Il est grotesque et grossier de vouloir créer un salaire
intermédiaire, voire de le négocier par branche. Les branches
peuvent, par contre, négocier des salaires minimums pour elles,
éventuellement par type de poste, de formation, mais supérieurs au
SMIC et indexés sur ce dernier. Il va falloir leur faire rentrer ça
dans le crâne...
Les mesures
complémentaires
Dans les quatre pages dont je parlais,
il y a un tas de mesures orientées pour certains secteurs : la
distribution, le service, la santé, la construction,...
Certaines sont de bon sens et sont
d'ailleurs dans les projets du gouvernement.
D'autres sont probablement
contre-productives et inacceptables. On sent encore le patronat
tenter de recaser ses vieilles recettes, comme l'ouverture des
commerces le dimanche et assouplir la durée du travail pour les
cadres. Inacceptables ont voit facilement pourquoi.
Contre-productives, moins.
Prenons cette durée de travail pour
les cadres. Ils proposent de le faire dans la recherche, le conseil
et la technologie. Pour la recherche, je ne sais pas.
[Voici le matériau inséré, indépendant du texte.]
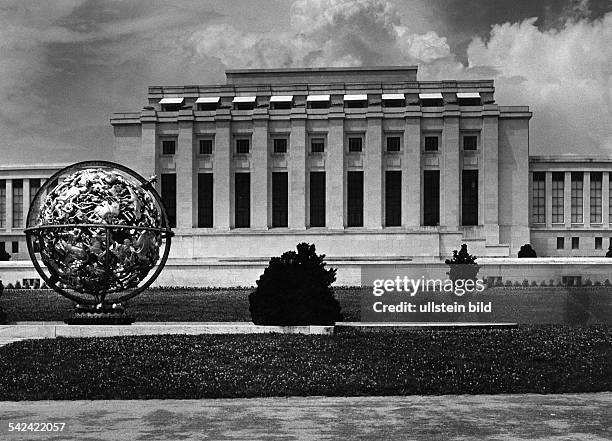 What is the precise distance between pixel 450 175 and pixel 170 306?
37739 millimetres

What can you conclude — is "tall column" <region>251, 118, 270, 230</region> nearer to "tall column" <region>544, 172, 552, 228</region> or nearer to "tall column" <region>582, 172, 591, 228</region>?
"tall column" <region>544, 172, 552, 228</region>

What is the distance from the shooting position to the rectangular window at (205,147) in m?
75.1

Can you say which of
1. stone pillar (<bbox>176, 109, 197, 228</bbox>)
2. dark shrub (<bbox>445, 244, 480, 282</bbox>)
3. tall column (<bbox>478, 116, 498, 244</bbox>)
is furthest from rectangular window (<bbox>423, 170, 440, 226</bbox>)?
dark shrub (<bbox>445, 244, 480, 282</bbox>)

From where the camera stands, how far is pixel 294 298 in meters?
25.0

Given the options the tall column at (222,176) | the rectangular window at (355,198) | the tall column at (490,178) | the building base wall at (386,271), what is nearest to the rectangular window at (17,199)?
the tall column at (222,176)

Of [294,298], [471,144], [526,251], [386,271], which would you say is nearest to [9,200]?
[471,144]

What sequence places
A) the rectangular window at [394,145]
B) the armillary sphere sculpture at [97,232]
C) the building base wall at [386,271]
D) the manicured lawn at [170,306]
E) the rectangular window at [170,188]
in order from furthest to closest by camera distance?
1. the rectangular window at [170,188]
2. the rectangular window at [394,145]
3. the building base wall at [386,271]
4. the manicured lawn at [170,306]
5. the armillary sphere sculpture at [97,232]

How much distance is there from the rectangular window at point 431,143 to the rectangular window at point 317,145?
824cm

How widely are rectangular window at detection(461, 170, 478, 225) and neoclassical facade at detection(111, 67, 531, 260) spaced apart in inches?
3.1

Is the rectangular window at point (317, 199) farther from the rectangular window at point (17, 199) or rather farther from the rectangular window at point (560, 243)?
the rectangular window at point (17, 199)

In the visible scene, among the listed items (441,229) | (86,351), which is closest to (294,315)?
(86,351)

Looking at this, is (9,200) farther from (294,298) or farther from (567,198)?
(294,298)

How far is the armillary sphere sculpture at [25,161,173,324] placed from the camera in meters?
24.1

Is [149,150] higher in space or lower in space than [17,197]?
higher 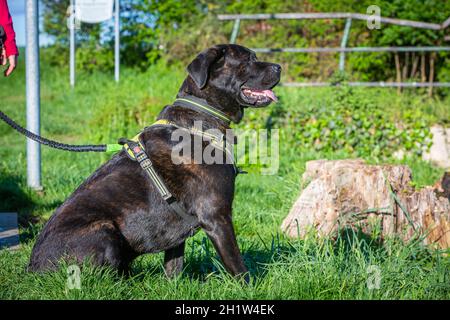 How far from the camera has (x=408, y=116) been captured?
28.7 feet

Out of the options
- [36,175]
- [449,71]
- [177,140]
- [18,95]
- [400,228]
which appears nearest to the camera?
[177,140]

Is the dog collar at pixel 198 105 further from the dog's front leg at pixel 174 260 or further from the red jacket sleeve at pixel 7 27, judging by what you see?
the red jacket sleeve at pixel 7 27

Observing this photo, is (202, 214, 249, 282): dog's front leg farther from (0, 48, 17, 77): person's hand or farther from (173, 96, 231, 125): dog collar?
(0, 48, 17, 77): person's hand

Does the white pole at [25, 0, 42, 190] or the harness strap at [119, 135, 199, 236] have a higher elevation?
the white pole at [25, 0, 42, 190]

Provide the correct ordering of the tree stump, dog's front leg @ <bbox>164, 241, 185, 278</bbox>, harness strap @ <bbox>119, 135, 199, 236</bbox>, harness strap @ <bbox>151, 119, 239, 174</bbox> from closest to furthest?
1. harness strap @ <bbox>119, 135, 199, 236</bbox>
2. harness strap @ <bbox>151, 119, 239, 174</bbox>
3. dog's front leg @ <bbox>164, 241, 185, 278</bbox>
4. the tree stump

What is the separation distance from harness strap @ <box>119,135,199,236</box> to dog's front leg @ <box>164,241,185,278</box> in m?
0.34

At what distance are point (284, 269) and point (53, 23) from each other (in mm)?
14699

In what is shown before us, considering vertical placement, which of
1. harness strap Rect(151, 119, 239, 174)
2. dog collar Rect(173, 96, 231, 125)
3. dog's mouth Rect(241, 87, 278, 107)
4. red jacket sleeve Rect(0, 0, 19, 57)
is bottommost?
harness strap Rect(151, 119, 239, 174)

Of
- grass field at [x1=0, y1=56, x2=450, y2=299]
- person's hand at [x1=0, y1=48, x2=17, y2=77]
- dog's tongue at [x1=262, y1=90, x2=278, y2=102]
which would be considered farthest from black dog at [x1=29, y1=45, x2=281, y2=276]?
person's hand at [x1=0, y1=48, x2=17, y2=77]

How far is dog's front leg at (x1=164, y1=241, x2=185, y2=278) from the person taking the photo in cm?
370

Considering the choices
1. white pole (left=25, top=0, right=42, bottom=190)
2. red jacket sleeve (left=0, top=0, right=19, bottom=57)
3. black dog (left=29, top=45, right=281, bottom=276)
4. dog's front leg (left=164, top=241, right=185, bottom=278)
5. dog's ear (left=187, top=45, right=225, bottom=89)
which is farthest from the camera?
white pole (left=25, top=0, right=42, bottom=190)

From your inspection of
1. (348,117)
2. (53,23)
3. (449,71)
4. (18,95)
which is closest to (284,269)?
(348,117)

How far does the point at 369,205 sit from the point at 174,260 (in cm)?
201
Pour le conseil
et la technologie, par contre, c'est ou c'était mon job : tout
le monde est cadre... Ce sont des secteurs qui fonctionnent bien et
qui recrutent, où l'on fait appel à de la sous-traitance,... Si les
cadres (donc tout le monde) se mettent à travailler plus dans les
secteurs susceptibles de recruter, ils recruteront moins...
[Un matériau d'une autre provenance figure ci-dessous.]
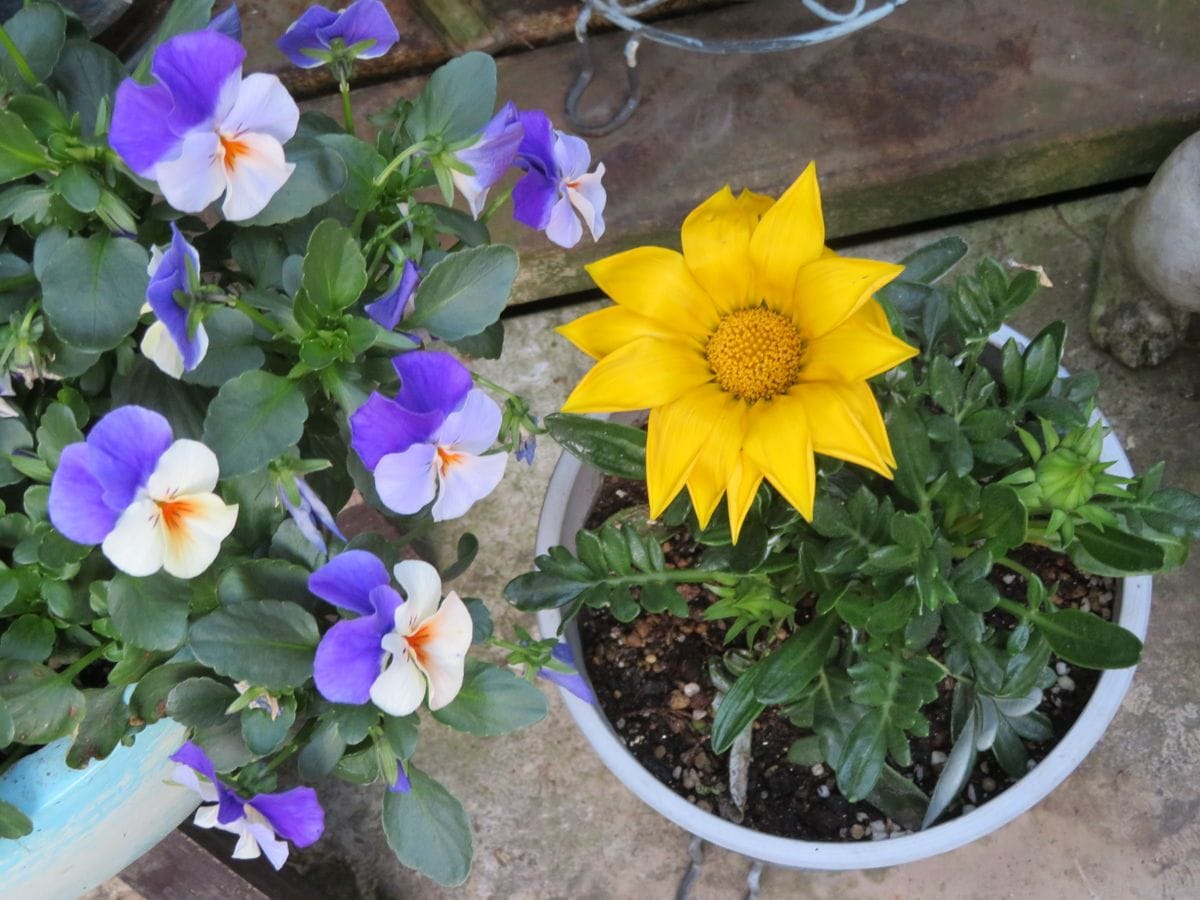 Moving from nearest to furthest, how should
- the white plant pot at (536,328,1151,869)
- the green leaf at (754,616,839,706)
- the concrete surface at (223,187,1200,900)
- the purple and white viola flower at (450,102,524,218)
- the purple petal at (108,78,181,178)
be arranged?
the purple petal at (108,78,181,178), the purple and white viola flower at (450,102,524,218), the green leaf at (754,616,839,706), the white plant pot at (536,328,1151,869), the concrete surface at (223,187,1200,900)

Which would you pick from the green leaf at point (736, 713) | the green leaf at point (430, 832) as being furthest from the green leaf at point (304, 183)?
the green leaf at point (736, 713)

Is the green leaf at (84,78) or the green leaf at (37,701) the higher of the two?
the green leaf at (84,78)

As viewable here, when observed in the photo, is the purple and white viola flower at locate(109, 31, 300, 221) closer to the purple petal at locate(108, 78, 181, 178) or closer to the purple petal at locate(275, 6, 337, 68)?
the purple petal at locate(108, 78, 181, 178)

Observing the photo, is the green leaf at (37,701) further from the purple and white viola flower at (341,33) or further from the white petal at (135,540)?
the purple and white viola flower at (341,33)

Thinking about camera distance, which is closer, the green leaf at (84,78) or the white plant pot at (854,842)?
the green leaf at (84,78)

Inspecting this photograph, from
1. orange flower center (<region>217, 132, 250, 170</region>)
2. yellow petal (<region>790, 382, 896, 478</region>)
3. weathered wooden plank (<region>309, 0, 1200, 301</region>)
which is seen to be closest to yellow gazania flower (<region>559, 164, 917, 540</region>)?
yellow petal (<region>790, 382, 896, 478</region>)

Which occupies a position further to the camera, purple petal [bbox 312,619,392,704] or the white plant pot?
the white plant pot

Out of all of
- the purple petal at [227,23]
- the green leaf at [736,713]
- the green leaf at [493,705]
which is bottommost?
the green leaf at [736,713]

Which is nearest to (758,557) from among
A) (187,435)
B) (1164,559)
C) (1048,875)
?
(1164,559)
Ils estiment que l'on pourrait ainsi
créer un million d'emplois. Néanmoins, si on cumule le nombre de
postes par mesure, on arrive à la moitié ! Les chiffres
relèvent pour la plupart du grand guignol, dans tout ce rapport.
Par ailleurs, prendre ces mesures seraient renoncer à une partie de
notre modèle : pour 500 000 emplois potentiel, le jeu n'en vaut
certainement pas la chandelle. Sans compter les dommages collatéraux.
Conclusion
Je ne veux pas condamner le rapport :
je ne sais pas qui l'a commandé et une grande partie est très
intéressante. Il n'empêche que les articles de presse qui en
parlent semble s'appuyer sur les à-côtés pour vendre une soupe de
libéralisation supplémentaire.
C'est mal.
Par contre, j'ai rarement vu un rapport
aussi mal ficelé, le tout pour passer des heures sur un billet de
blog qui n'aura finalement aucun intérêt...
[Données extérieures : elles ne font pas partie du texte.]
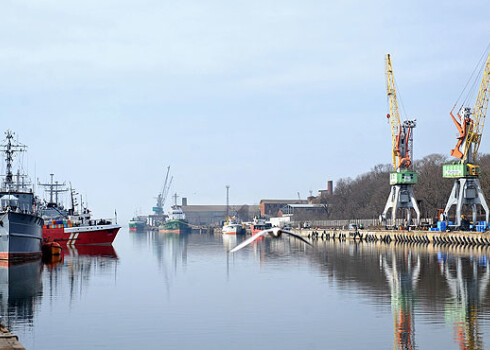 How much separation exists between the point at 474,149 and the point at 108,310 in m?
86.2

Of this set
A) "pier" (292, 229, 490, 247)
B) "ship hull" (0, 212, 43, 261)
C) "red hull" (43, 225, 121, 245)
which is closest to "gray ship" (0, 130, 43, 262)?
"ship hull" (0, 212, 43, 261)

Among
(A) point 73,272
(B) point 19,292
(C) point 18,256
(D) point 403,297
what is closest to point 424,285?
(D) point 403,297

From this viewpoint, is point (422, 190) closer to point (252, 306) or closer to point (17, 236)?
point (17, 236)

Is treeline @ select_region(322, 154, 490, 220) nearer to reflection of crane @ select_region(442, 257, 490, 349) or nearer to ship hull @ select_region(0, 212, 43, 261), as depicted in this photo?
reflection of crane @ select_region(442, 257, 490, 349)

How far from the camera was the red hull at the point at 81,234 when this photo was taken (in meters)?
111

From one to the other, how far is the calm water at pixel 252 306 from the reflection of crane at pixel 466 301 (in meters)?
0.06

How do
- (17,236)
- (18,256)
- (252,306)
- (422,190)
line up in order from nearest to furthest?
(252,306) < (17,236) < (18,256) < (422,190)

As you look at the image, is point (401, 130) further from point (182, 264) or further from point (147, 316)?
point (147, 316)

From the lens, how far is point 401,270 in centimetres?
6600

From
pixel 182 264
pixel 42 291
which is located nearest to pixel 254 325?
pixel 42 291

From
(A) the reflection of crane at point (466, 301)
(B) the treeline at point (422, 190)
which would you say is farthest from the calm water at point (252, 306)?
(B) the treeline at point (422, 190)

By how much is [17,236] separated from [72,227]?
149 feet

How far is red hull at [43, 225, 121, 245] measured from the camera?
111438 mm

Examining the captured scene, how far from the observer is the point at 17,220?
69938 millimetres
Et la partie qui me parait utile est également de la soupe...
Excellent billet....
RépondreSupprimerJ'ose ajouter que les liens formation emploi sont étonnants quand on voit les emplois que les diplômes en philosophie ou en littérature obtiennent en management opérationnel...
Par ailleurs, je ne sais pas ce qu'il en est aujourd'hui mais il y a quelques années les cadres français travaillaient plus que les allemands avec le succès que l'on sait. Donc un allongement de la durée du travail est idiot. Les cadres travaillent déjà plus de 40 heures dans les faits ( bureaux, déplacements , maisons)
Ce truc de la formation est délirant. Ça fait 30 ans qu'on nous parle de ça pour résoudre le chômage et c'est toujours le même merdier.